Hop Growing Around Stowupland
In the 2nd half of the last millennium Suffolk, and especially the area around Stowupland and Stowmarket, was considered to be good growing ground for hops. Ena Carter’s notes contain much information about where and when and she also gives her resource texts. Her handwritten essay can be read here…research by Ena Carter on Hop growing around Stowupland. Below can be found more details (taken from SLHG Archives/ ECA Suffolk folder).
Hollingsworth’s A History of Stowmarket (1844)
Hops were first introduced into Suffolk in 1520. Tradionally ‘the first hops ever planted in England were tried out at Dagworth.’
1646 John Hubbard
John Hubbard was a yeoman of Stowupland in his inventory from the time of his death are given ‘certain hoppoles & hayers for Kell £20.00 and certaine hopps for Kells £30.00’.
1769 John Jacob
In the will of John Jacob, Gent who farmed at Dagworth and Old Newton mention is made of his hop-poles worth £300.00
In 1813, Arthur Young in his ‘General View of the Agriculture of Suffolk’ (1813) noted that there were about 200 acres of hops grown in the Stowmarket district ’50 acres were grown in Stowmarket and 10 in Stowupland’.
Charles Freeman of Stowupland Hall noted in his diaries of 1826 & 27 that in addition to the usual fairs, there was a Hop Fair on September 27th & 28th. In July 1825 he gave the prive of hops as £16 per cwt, but the following year this had fallen to £5.
Information from the 1839 tithe maps suggests the acreage of hops in Stowmarket was 35 3⁄4 acres, with 16 acres planted in Stowupland.

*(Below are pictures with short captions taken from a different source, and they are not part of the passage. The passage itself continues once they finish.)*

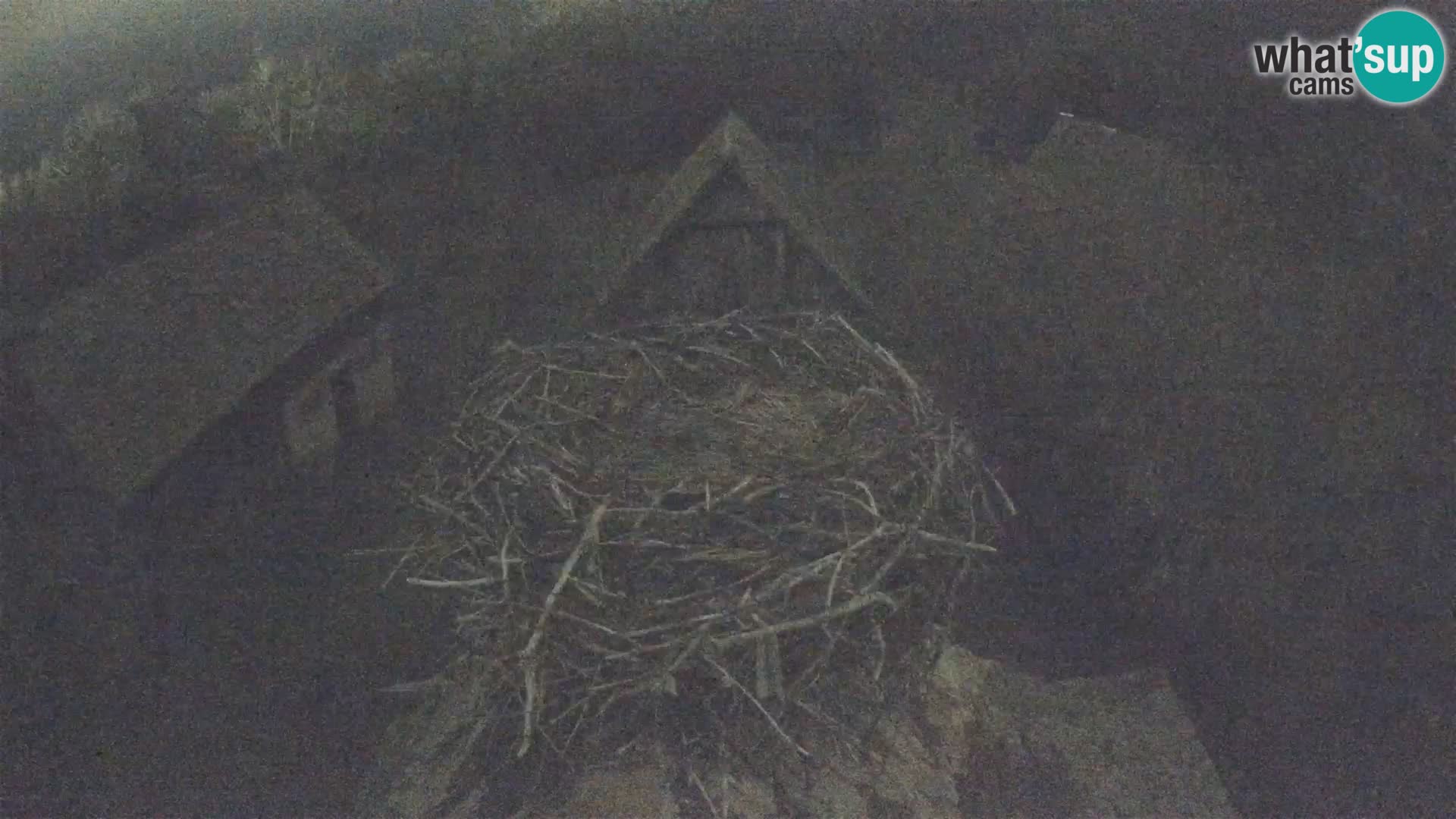 U živo Europsko selo roda – Park prirode Lonjsko polje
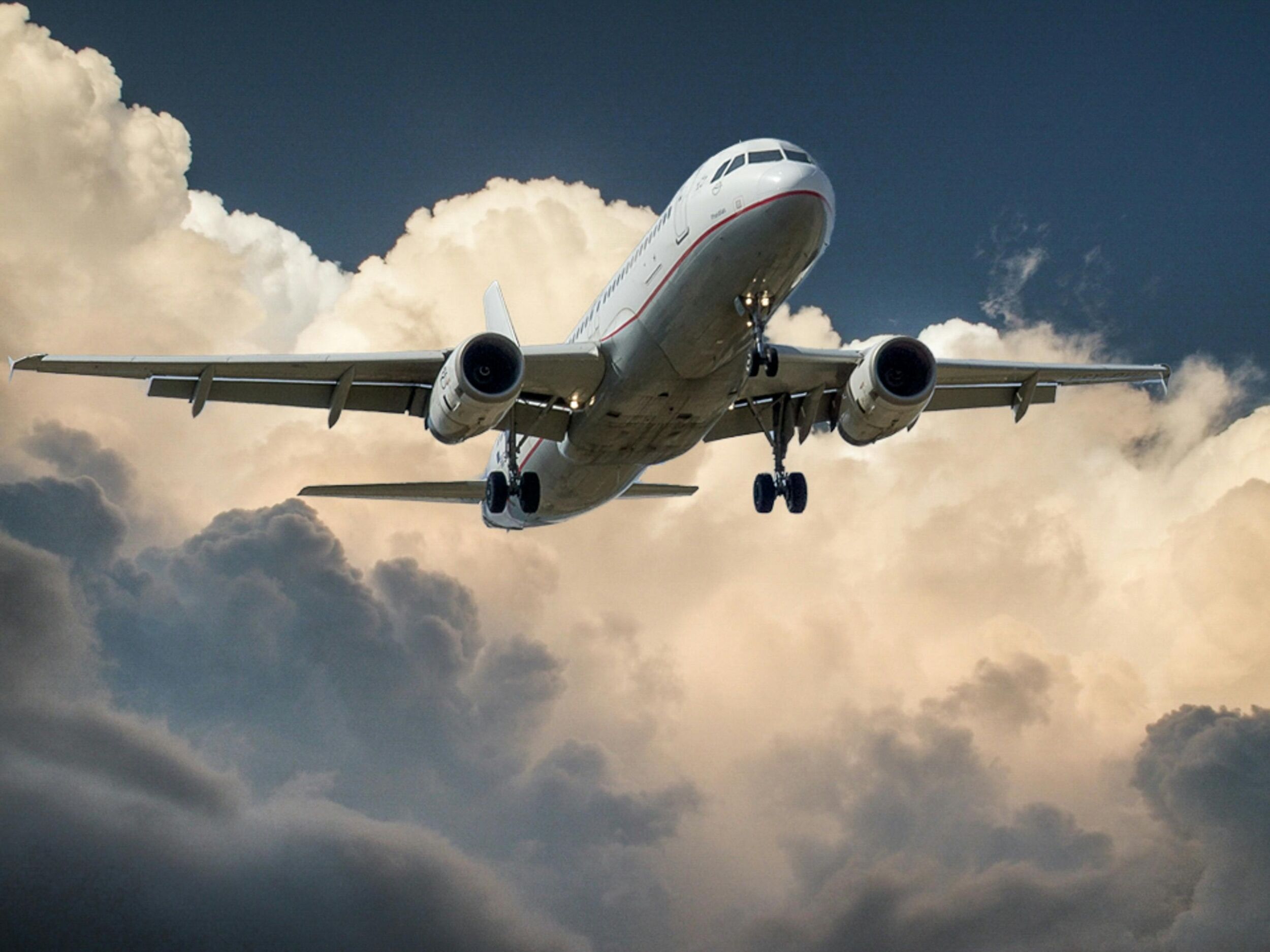 Picture of Orlando International Airport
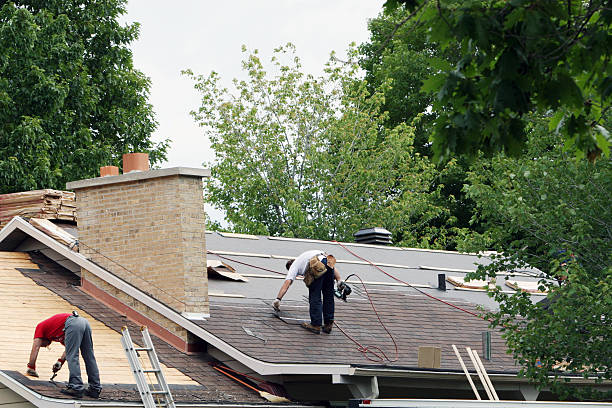 Roof Gutter Cleaning in Mayfield, PA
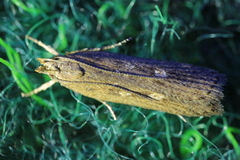 Helcystogramma triannulella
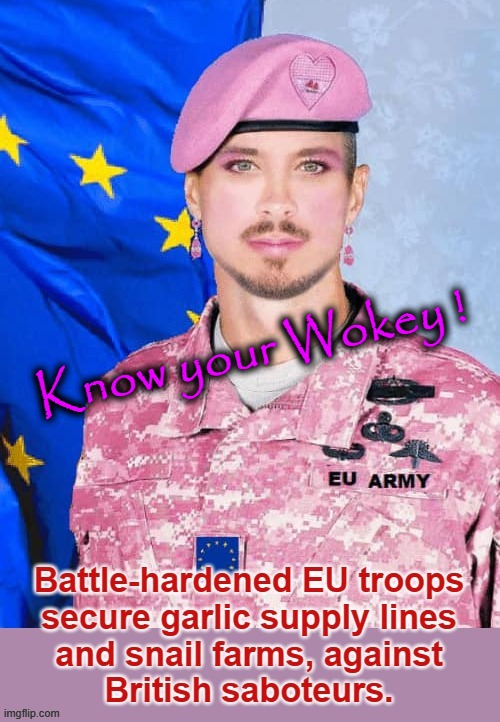 EU Army |  Know your Wokey ! | image tagged in pinkie pie | made w/ Imgflip meme maker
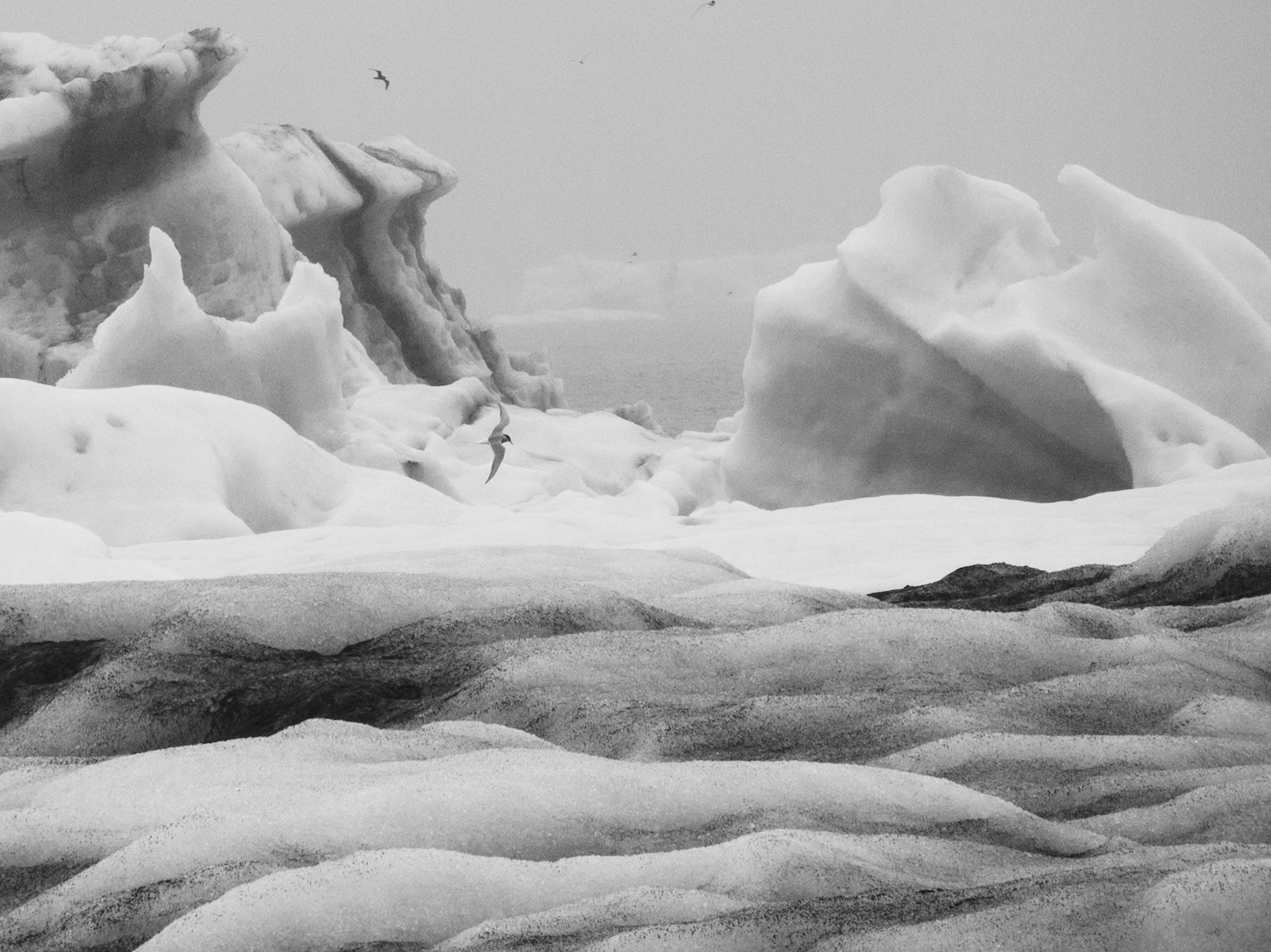 glacier en mer d'islande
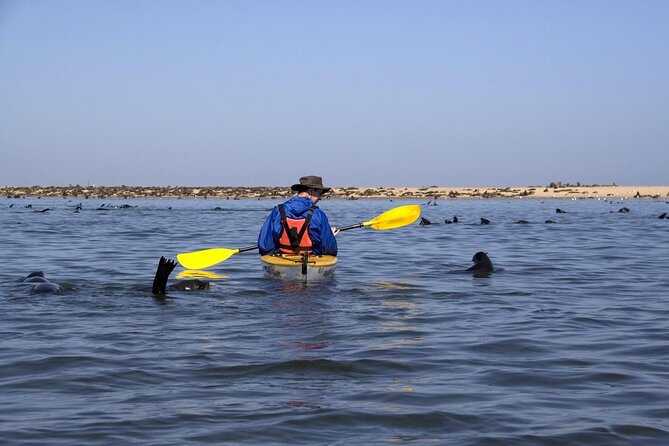 Mola Mola Marine Dolphin Cruise from the Walvis Bay Waterfront to Pelican Point - Key points to know before you book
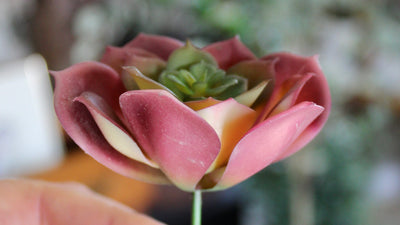 Burgundy Echeveria Succulent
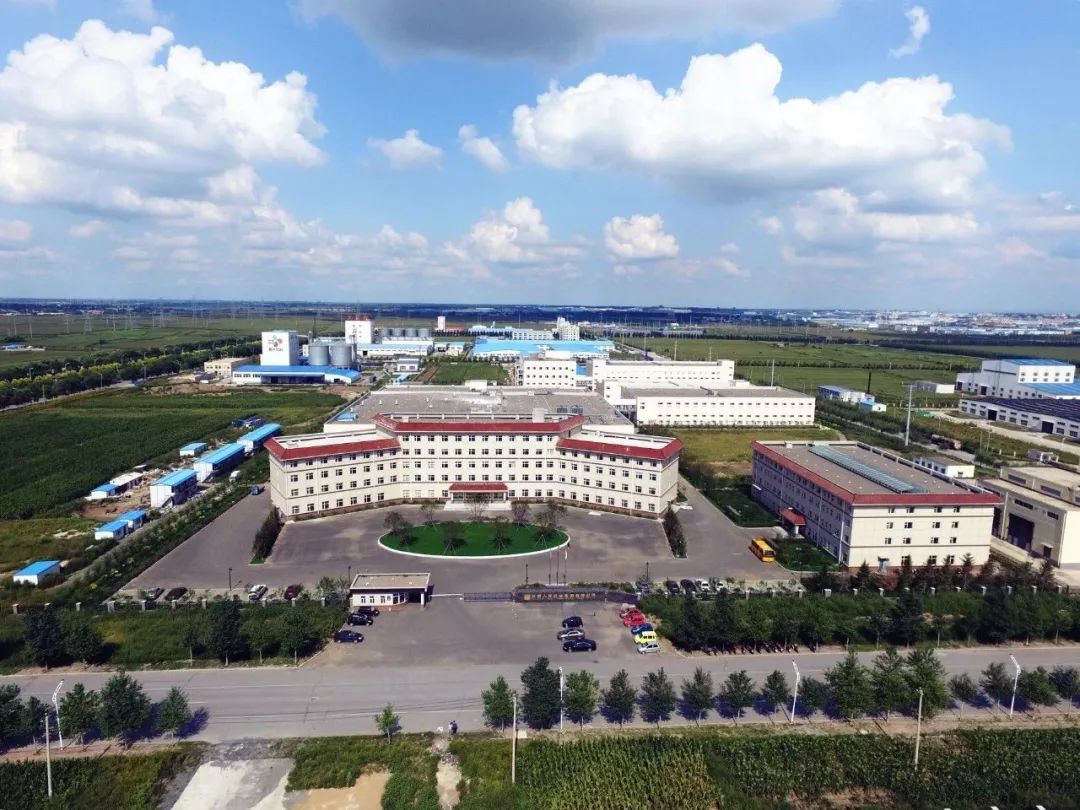 人民藥業(yè) 人民藥業(yè)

A field associated with Green Farm (tm 391) is labelled Hop Yard Meadow.
Although the main use of hops was in the brewing industry, in the first half of the 19th century ‘the fruits of hops’ were also used medicinally. It was considered that they contained a ‘volatile oil’ that had a soporific and sedative effect. Mixed with other pharmaceuticals hops were used by Suffolk doctors to treat trigeminal neuralgic, heartburn, dyspepsia, to improve the apetite and for a time to ease the pain of rheumatism. {Stutter’s Casebook. A Junior Hospital Doctor 1839-41 ed E.E. Cockayne & N.J. Stow. published by Suffolk Records Society 2005}
The East Anglian Daily Times mentions hop-picking in 1875, 4, 5, and 1876 -but no further details given.
1879 Thomas Dent
The P.O. Directory names Thomas Dent as a grocer, hop & ale & porter merchant in Stowmarket.
Miss Mary Carter who was born at Green Farm, Stowupland in 1882 remembered being taken as a young child to watch women working in the hop grounds at Bridge Farm, Old Newton. She added that several women went to work there from Stowupland using the footpaths through Green Farm yards.
By the 1900s hops were no longer being farmed in Suffolk.